-- Data section follows --
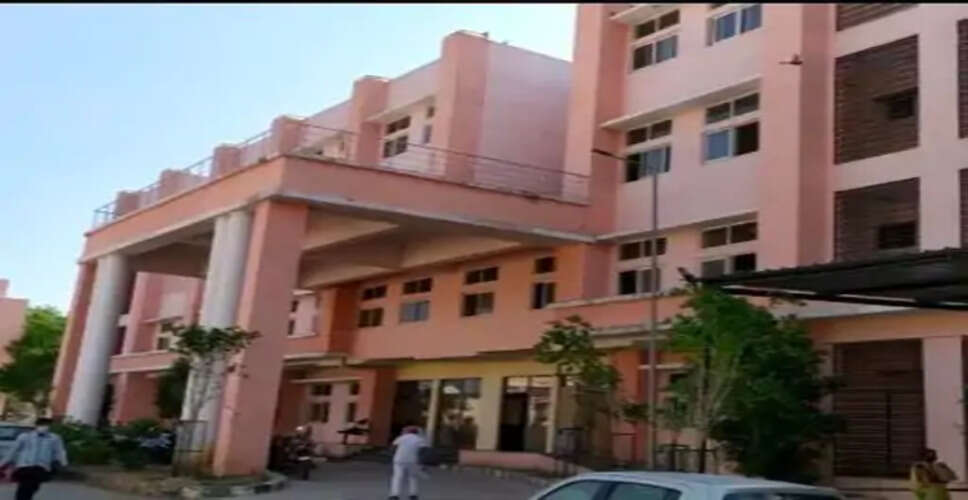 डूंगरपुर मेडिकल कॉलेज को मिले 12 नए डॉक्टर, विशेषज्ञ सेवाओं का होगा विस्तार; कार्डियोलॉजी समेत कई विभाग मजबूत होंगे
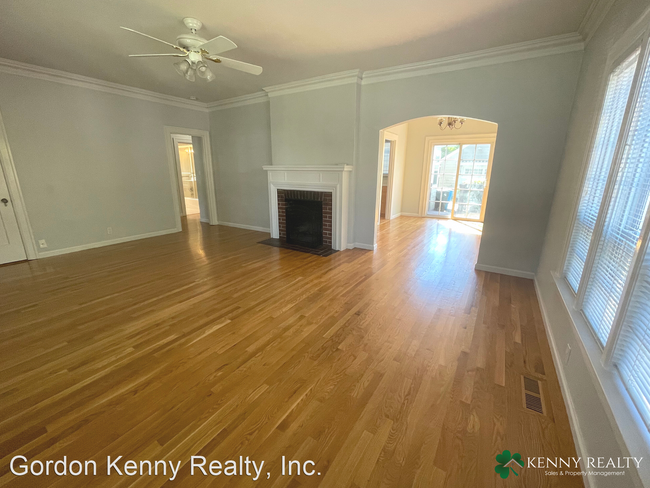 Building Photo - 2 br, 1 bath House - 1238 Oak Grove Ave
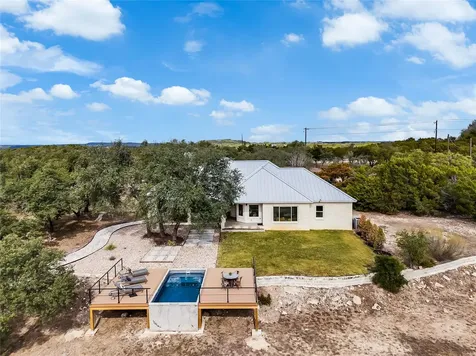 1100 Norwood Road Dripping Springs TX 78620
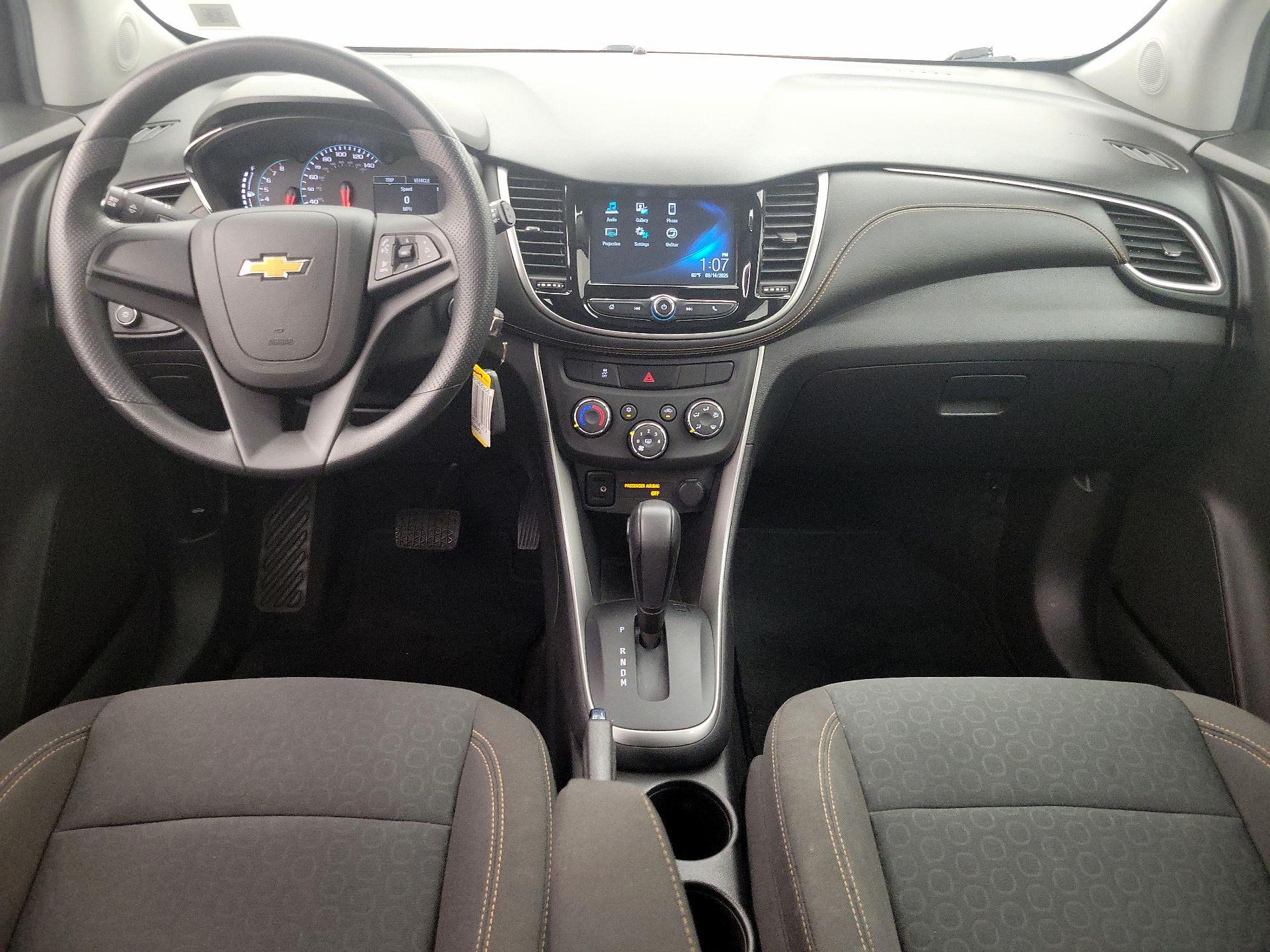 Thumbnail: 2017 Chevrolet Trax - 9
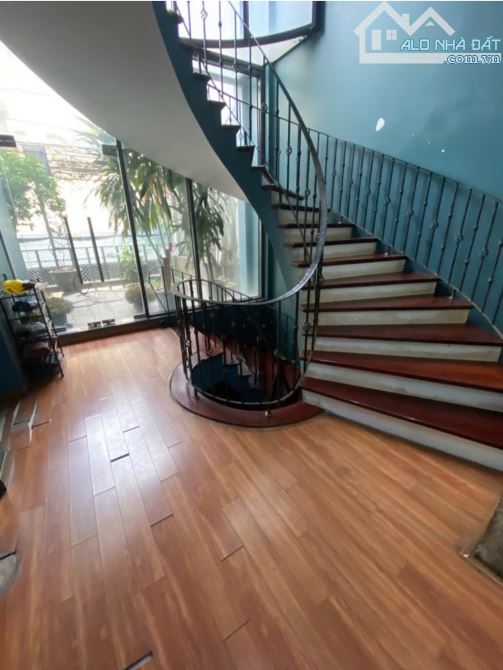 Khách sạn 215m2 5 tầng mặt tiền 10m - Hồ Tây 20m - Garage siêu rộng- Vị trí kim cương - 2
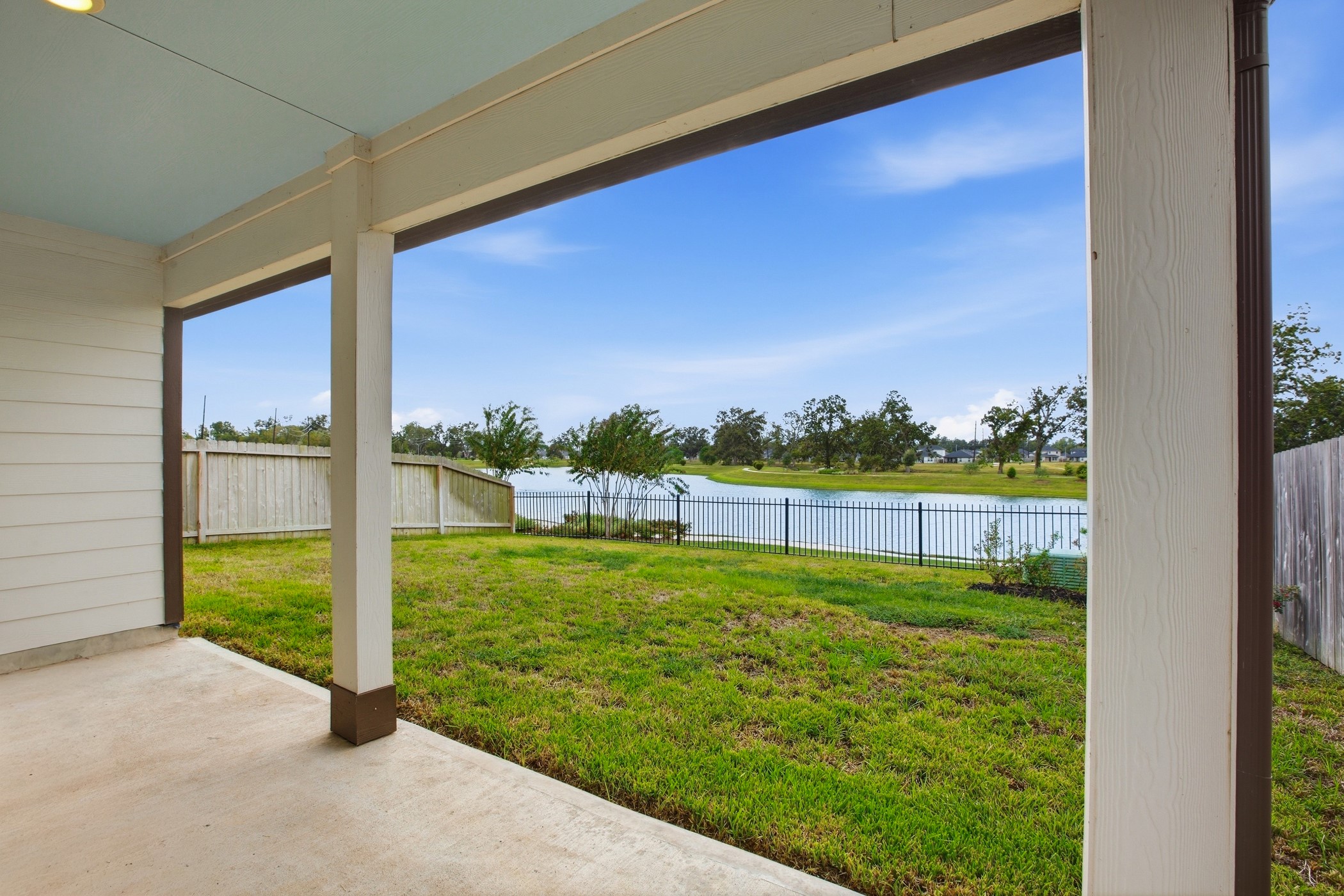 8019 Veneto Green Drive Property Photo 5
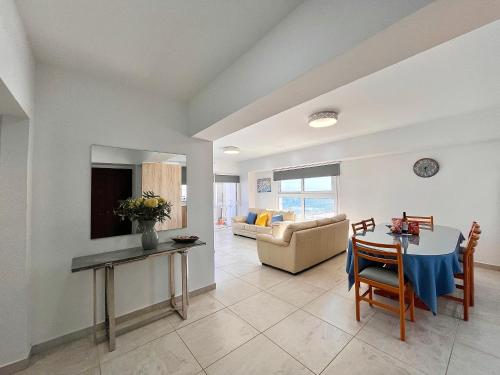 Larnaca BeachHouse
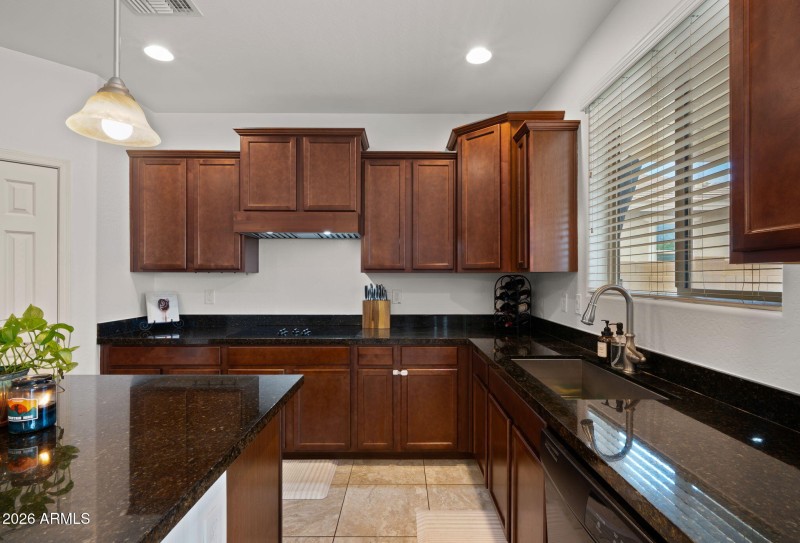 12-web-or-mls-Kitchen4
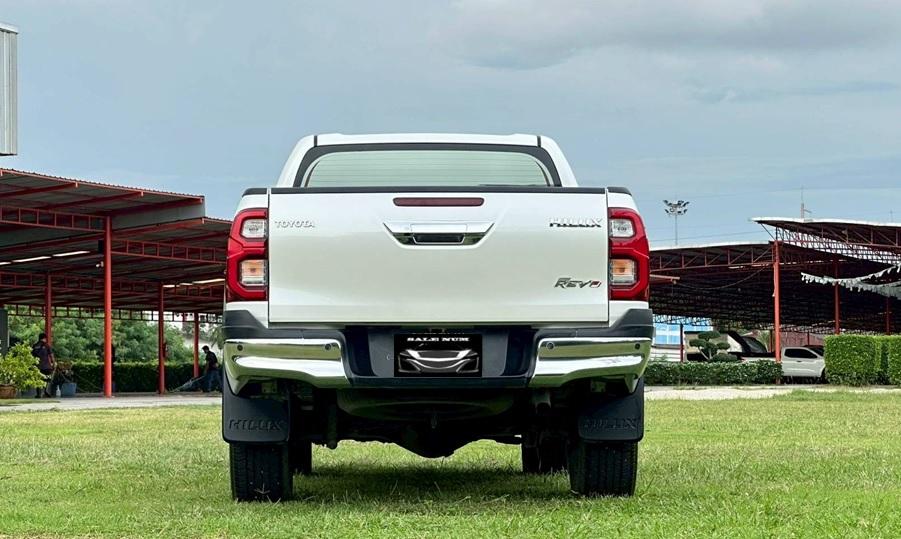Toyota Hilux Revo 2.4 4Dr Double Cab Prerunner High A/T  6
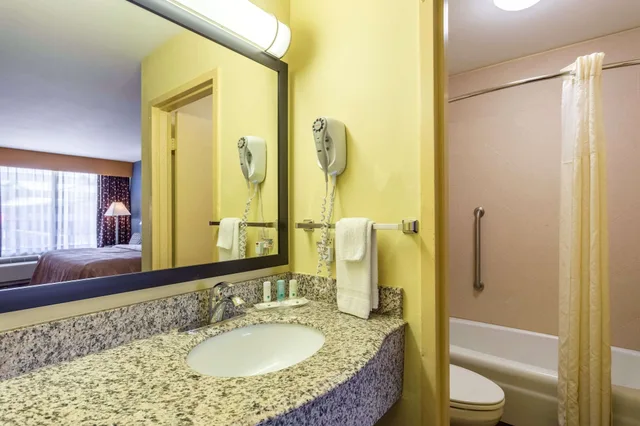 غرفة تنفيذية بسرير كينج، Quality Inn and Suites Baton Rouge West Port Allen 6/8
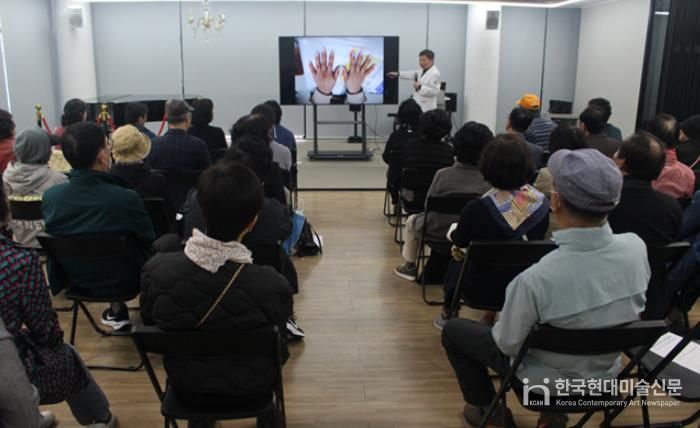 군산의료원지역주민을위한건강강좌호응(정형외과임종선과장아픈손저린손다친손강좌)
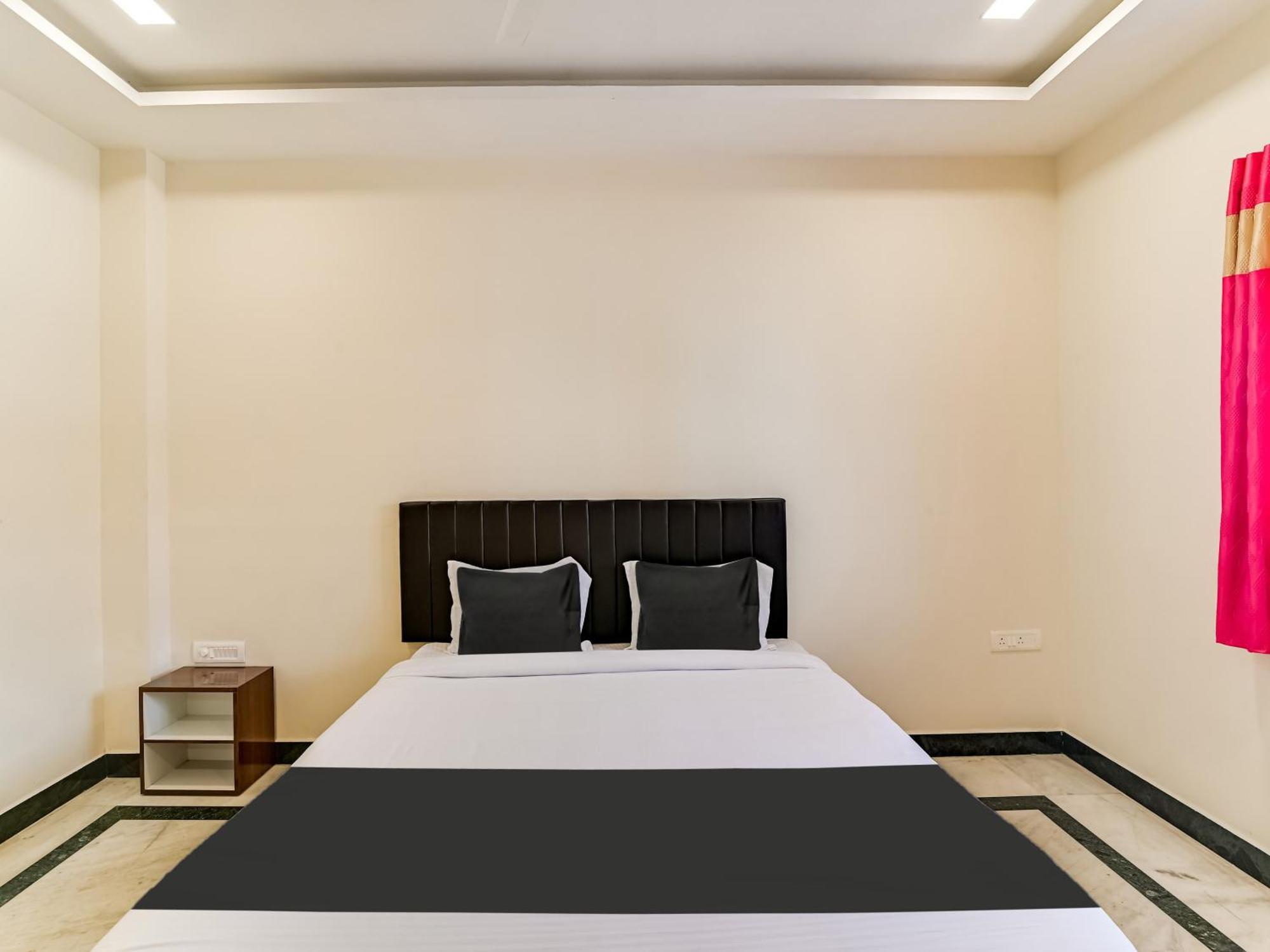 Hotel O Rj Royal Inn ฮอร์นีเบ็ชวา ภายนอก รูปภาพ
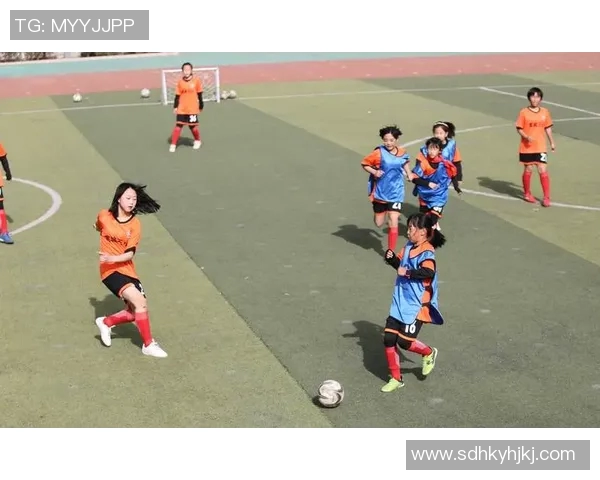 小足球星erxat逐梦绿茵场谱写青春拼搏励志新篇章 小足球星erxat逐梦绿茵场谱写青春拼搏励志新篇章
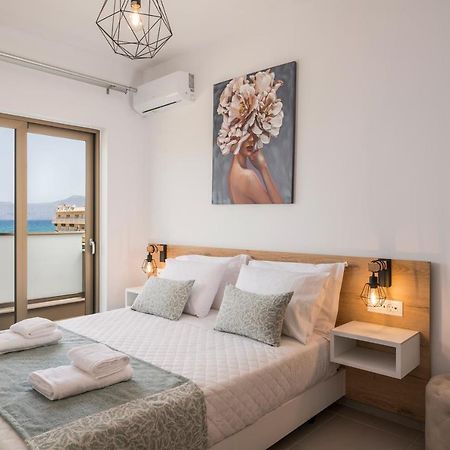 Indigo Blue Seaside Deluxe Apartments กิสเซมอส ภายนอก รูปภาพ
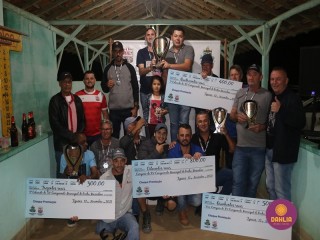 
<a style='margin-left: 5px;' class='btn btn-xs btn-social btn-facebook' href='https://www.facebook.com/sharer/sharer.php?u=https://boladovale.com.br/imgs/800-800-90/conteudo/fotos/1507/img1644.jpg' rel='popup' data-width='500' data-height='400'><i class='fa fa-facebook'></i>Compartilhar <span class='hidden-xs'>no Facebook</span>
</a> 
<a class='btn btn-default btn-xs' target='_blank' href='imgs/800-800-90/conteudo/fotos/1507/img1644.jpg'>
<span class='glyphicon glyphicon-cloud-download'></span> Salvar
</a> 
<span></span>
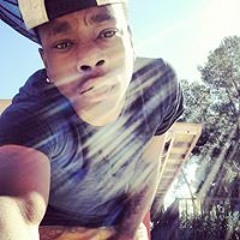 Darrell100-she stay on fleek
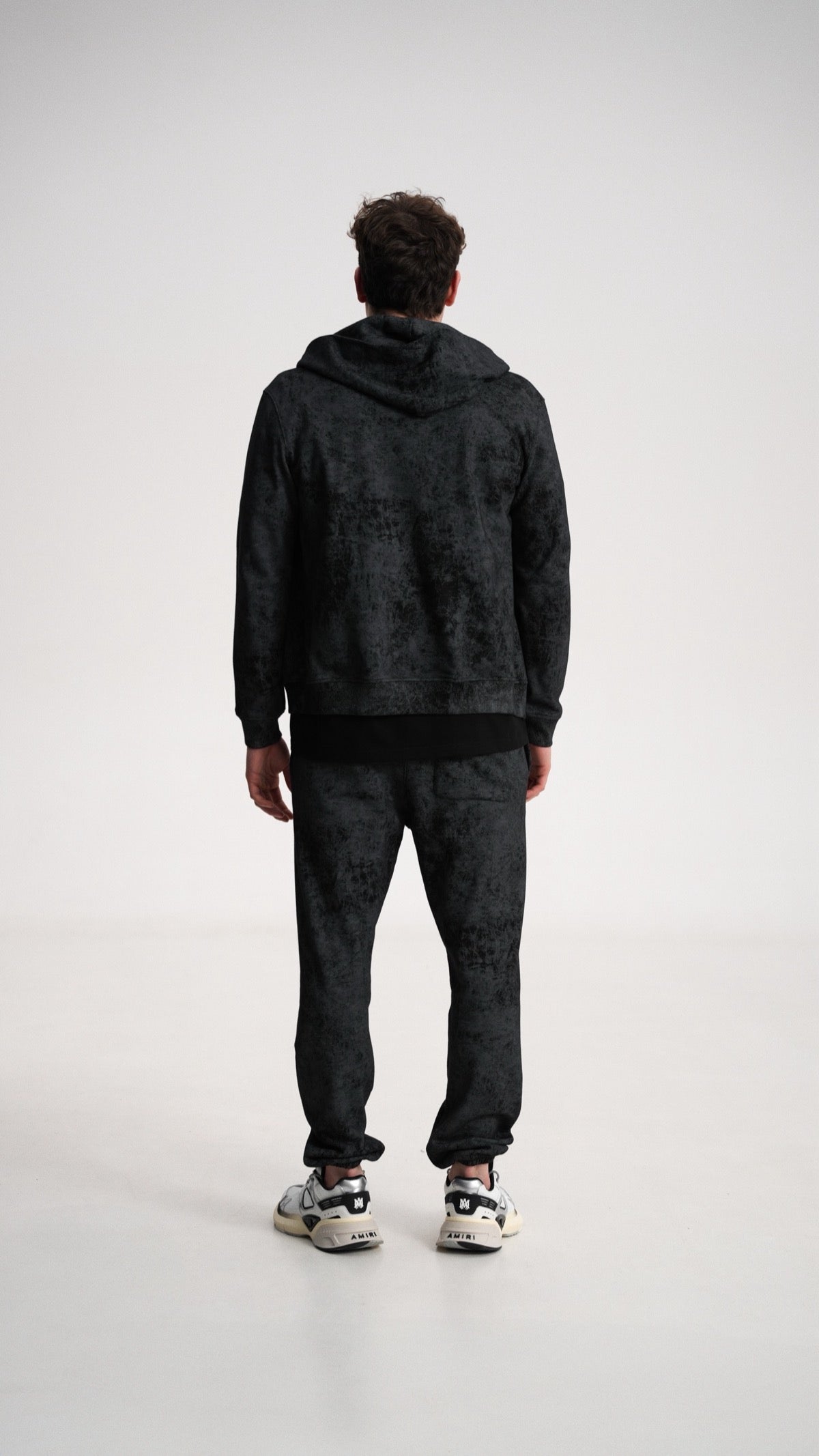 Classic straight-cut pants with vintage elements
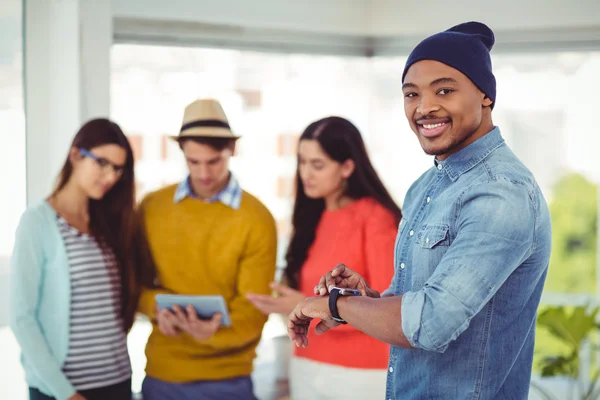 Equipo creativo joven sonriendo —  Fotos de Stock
-- Data section concluded --
- **Your assignment**
Using the data above, retype exactly the lines from the line with "Khách sạn 215m2" to the line with "Indigo Blue Seaside", inclusive. No pictures and nothing else.

- **Solution below**
 Khách sạn 215m2 5 tầng mặt tiền 10m - Hồ Tây 20m - Garage siêu rộng- Vị trí kim cương - 2
 8019 Veneto Green Drive Property Photo 5
 Larnaca BeachHouse
 12-web-or-mls-Kitchen4
Toyota Hilux Revo 2.4 4Dr Double Cab Prerunner High A/T  6
 غرفة تنفيذية بسرير كينج، Quality Inn and Suites Baton Rouge West Port Allen 6/8
 군산의료원지역주민을위한건강강좌호응(정형외과임종선과장아픈손저린손다친손강좌)
 Hotel O Rj Royal Inn ฮอร์นีเบ็ชวา ภายนอก รูปภาพ
 小足球星erxat逐梦绿茵场谱写青春拼搏励志新篇章 小足球星erxat逐梦绿茵场谱写青春拼搏励志新篇章
 Indigo Blue Seaside Deluxe Apartments กิสเซมอส ภายนอก รูปภาพ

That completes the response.